The Department of Telecom (DoT) has enlisted PricewaterhouseCoopers (PwC) in order to evolve a carbon credit policy for mobile phone companies.
Another strategy is to evaluate the techno-commercial feasibility of powering 3.5 lakh telecom towers with green or “renewable” energy. (Read our article entitled Telecom towers to run on renewable sources)
PwC India will suggest by end of February as to how telcos can check diesel dependence and reduce carbon footprint. The study will also identify potential of carbon credits and earn revenue for the industry.
The Government of India as part of its policy is trying to reduce fossil fuel dependence so as to ensure that the major source of power is sourced in the form of renewable energy by 2020.
Carbon credits is being looked as a potential source of revenue given India’s huge telecom sector which has penetrated even into the rural sectors because of the rapid expansion of the telecom industry due to government policies that long favoured it.
PWC however has sought more time from DoT, given the complexity of the task. The final report is now expected by end-February 2014.
PwC has managed to collect only 60 per cent of the tower data relating to renewable energy deployments so far. It is yet to receive the requisite tower data from public sector telcos like Bharat Sanchar Nigam Ltd, as per the information from DoT note.

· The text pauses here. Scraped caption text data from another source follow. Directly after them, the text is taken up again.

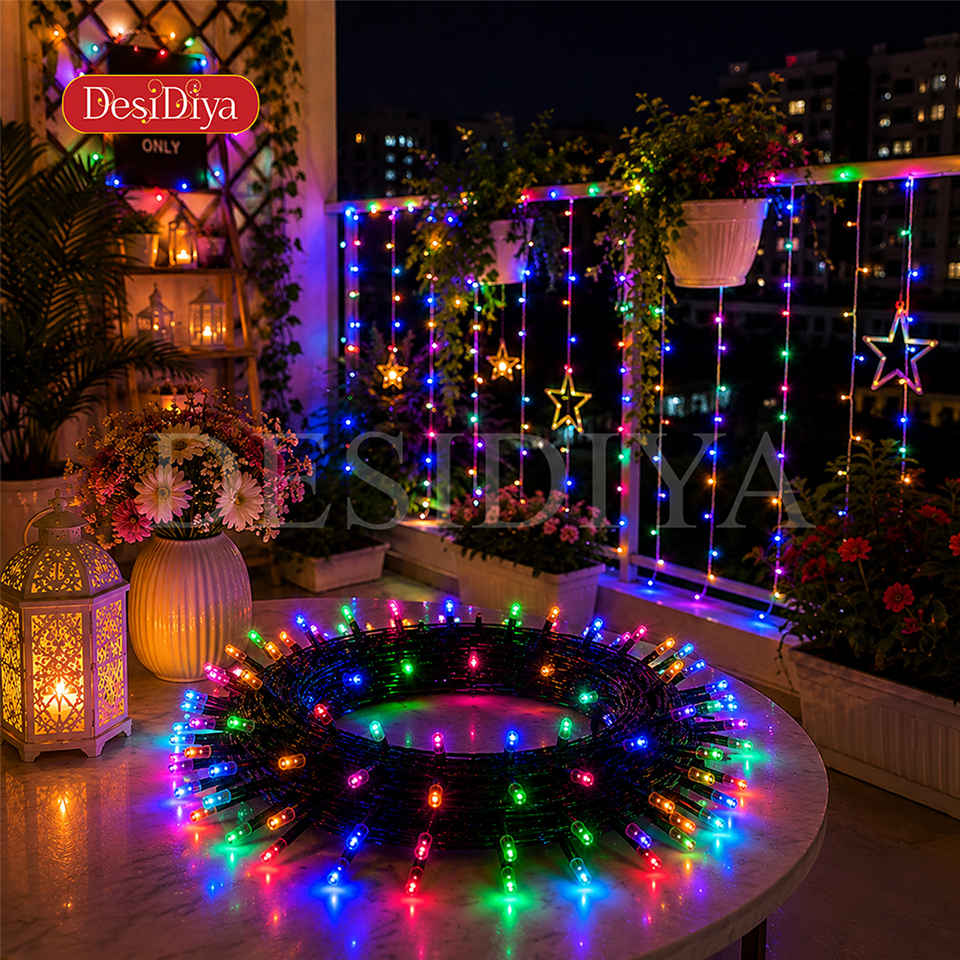 Decorative lights - Buy Decorative lights Online at Best Price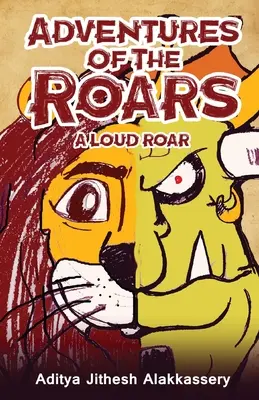 Le avventure dei ruggiti - Un forte ruggito - Adventures of the Roars - A Loud Roar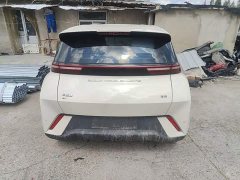 BYD Seagull Freedom Edition - ფოტო 6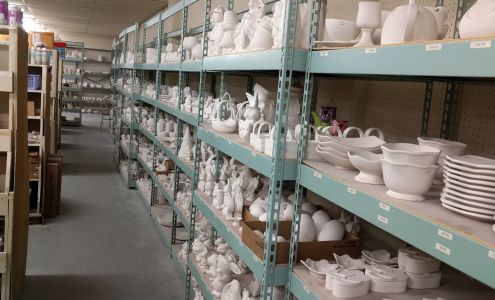 Evans Ceramic Supply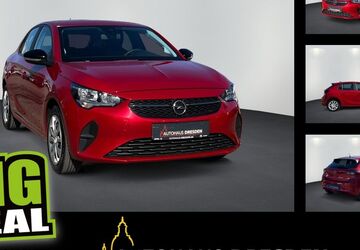 Opel Corsa 47.048 km 11.490 &euro; Dresden 01067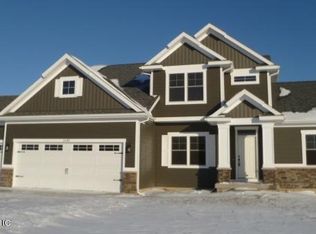 7318 Nantucket Dr SW, Byron Center, MI 49315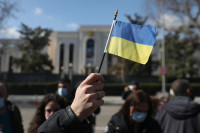 La Red de Inmigración pide invertir fondos decomisados y embargados por las sanciones en ayudas a los refugiados de Ucrania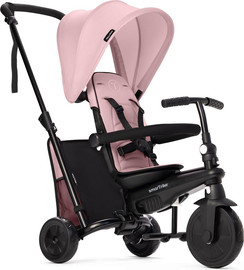 SMART TRIKE תלת אופן מתקפל 5 ב 1 SmarTrike דגם STR 3 אפרסק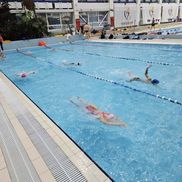 Кафедра плавания - фото 6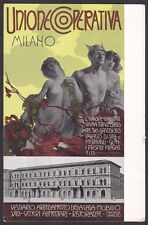 Palanti giuseppe illustratore usato  Novara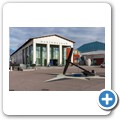 Karlskrona - Marinemuseum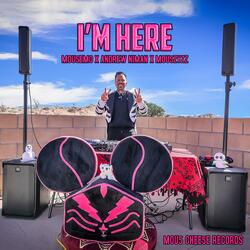 I'm Here (32 BIT Radio Edit)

As part of India’s green policy, telcos are required to migrate 50 per cent of all towers in rural areas and 20 per cent in urban areas to hybrid power by 2015. By 2020, operators will need to run 75 per cent and 33 per cent of cell towers in rural and urban zones, respectively, on hybrid supplies. The policy also requires operators to lower carbon emissions by 17 per cent in the next five years.